Chalayan is all too often portrayed as serious to the point of impenetrable. In person, though, he is anything but. Warm, friendly, funny, thoughtful and, by his own admission, somewhat restless – "I'm very hyper today because I've had some coffee" – he is as personable as he is clearly highly intelligent.

"I'm not name-dropping or anything but I met Annie Lennox a couple of months ago," he tells me. "And she said people always think of her as intense and serious but it's more that she's actually just interested in things. I can really relate to that. I am essentially a curious person and I come from a culture which has seen two wars... We have a real history behind us."

The only child of Turkish-Cypriot parents, Chalayan was born in Nicosia in 1970 and, following the break-up of his parents' marriage – his mother remained in Cyprus where she lives to this day, his father moved to London – travelled between that island and the British capital from an early age. "In Cyprus I was often on my own," he says. "I used to love building things, creating environments was such a big thing for me.
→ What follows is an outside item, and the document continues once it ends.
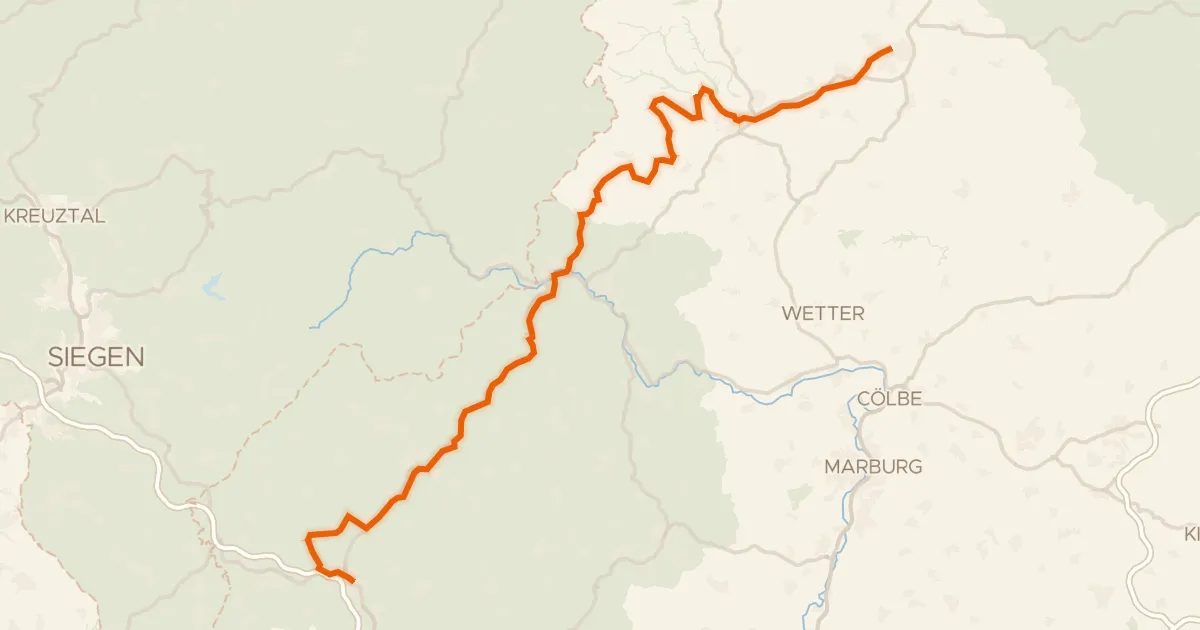 Kaart van de fietsroute Hessischer Radfernweg R8 (Teilstrecke Dillenburg - Frankenberg)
Cyprus is a Mediterranean island so it's very colourful in some respects. It's also a divided island and I was really fascinated by that."
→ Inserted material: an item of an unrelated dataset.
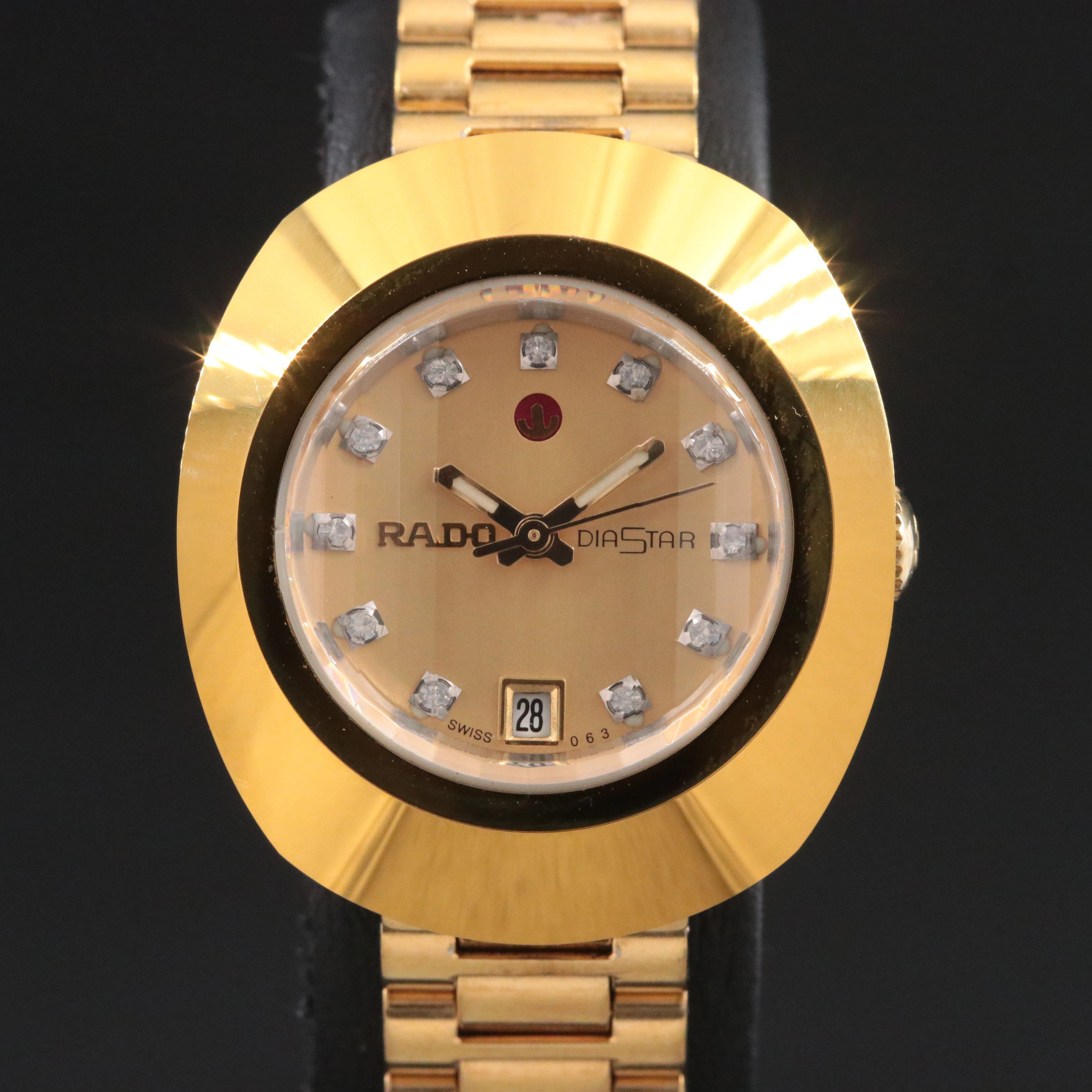 Rado DiaStar Gold Plated Tungsten Carbide Rotating Anchor Watch Ref. 557.0416.3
Then there was London. "I think being exposed to great difference has made me quite open and flexible," Chalayan says. "I was bored in Cyprus and I truly believe that boredom is a big creative driving force. That's why I do this, because I wanted – and still want – a more colourful world. As a child, I would go from Cyprus, a more desolate place, to London where, suddenly, there was everything, and then back again. That allowed me to process any information, to contemplate things and develop any ideas in between."
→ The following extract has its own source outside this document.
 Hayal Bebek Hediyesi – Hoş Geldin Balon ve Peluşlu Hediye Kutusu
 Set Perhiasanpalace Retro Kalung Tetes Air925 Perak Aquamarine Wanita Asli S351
Following a private education at a boys' public school in England ("a child's idea of the army, I suppose") and completion of a foundation course at the seaside town of Leamington Spa, Chalayan found his way to Central Saint Martin's College of Art.

"I could always have studied art," Chalayan says. "I mean, I was encouraged to study art in my foundation and I have that way of thinking. The best part of Saint Martin's was that it wasn't so segregated then as it is now. I studied fashion, but we mixed with other departments. Now it's so much more institutionalised and isolated. Saint Martin's then was an art school and fashion happened to be part of that. Now the art school and the fashion school are separate. I think we were lucky that we were the last of a generation to experience that. I really always felt that I went to an art school."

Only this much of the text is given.